Spontaneous Reboot Problem

My first post in these forums, so be gentle. :slight_smile: Hard to say if this is the correct forum for my problem, but here goes…

I have a new system with Asus M3A78-EM mobo, 4 GB RAM, AMD Phenom II quad-core 955 3.2 GHz CPU, on which I’ve installed the 64-bit version of openSUSE 11.2. It’s a lightweight server as well as a desktop machine, and is on 24/7 (and on a UPS). The problem is that the system reboots itself spontaneously, on average a couple of times a day, at seemingly random times. After one of these reboots, an examination of the system log shows nothing at all suspicious logged in the minutes prior to the sudden reboot. Sometimes the system recovers after the reboot, but about half the time the KDE4 desktop comes up with the keyboard and mouse not working. The system log in that case shows that the USB subsystem is wedged, with the message “task khubd:38 blocked for more than 120 seconds”, followed by a series of call traces. At that point, I can usually log in via SSH from another local machine and execute a shutdown/reboot, and the system usually recovers fully after that… until the next spontaneous reboot. The only thing unusual about my USB setup is that I have a Hauppauge HVR-1950 TV tuner plugged in, and the pvrusb2 driver installed on the system.
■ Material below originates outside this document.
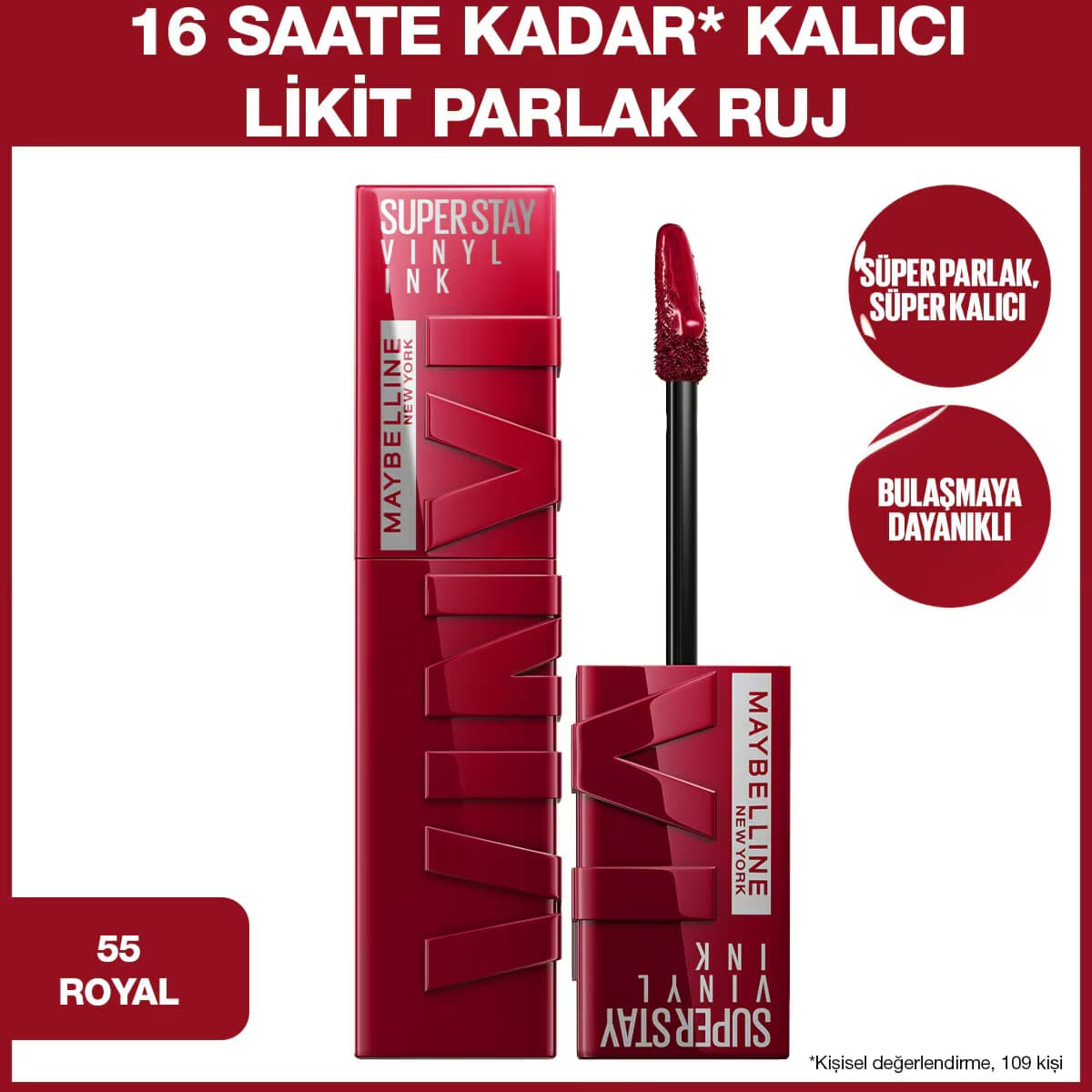 Maybelline New York Vinyl Ink Ruj Royal No: 55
The mobo has an onboard ATI Radeon HD 3200 graphic controller, and I installed the proprietory ATI driver for it in the hopes of improving system stability. It didn’t.

Due to the lack of syslog warnings before one of these reboot events, I was inclined to think the hardware was at fault, and my first thought was bad memory. However, fairly extensive testing with memtest86+ showed no errors. Of course, it could be other more obscure hardware problems, but it would be nice to be a little more certain before I resort to replacing the motherboard or the whole system.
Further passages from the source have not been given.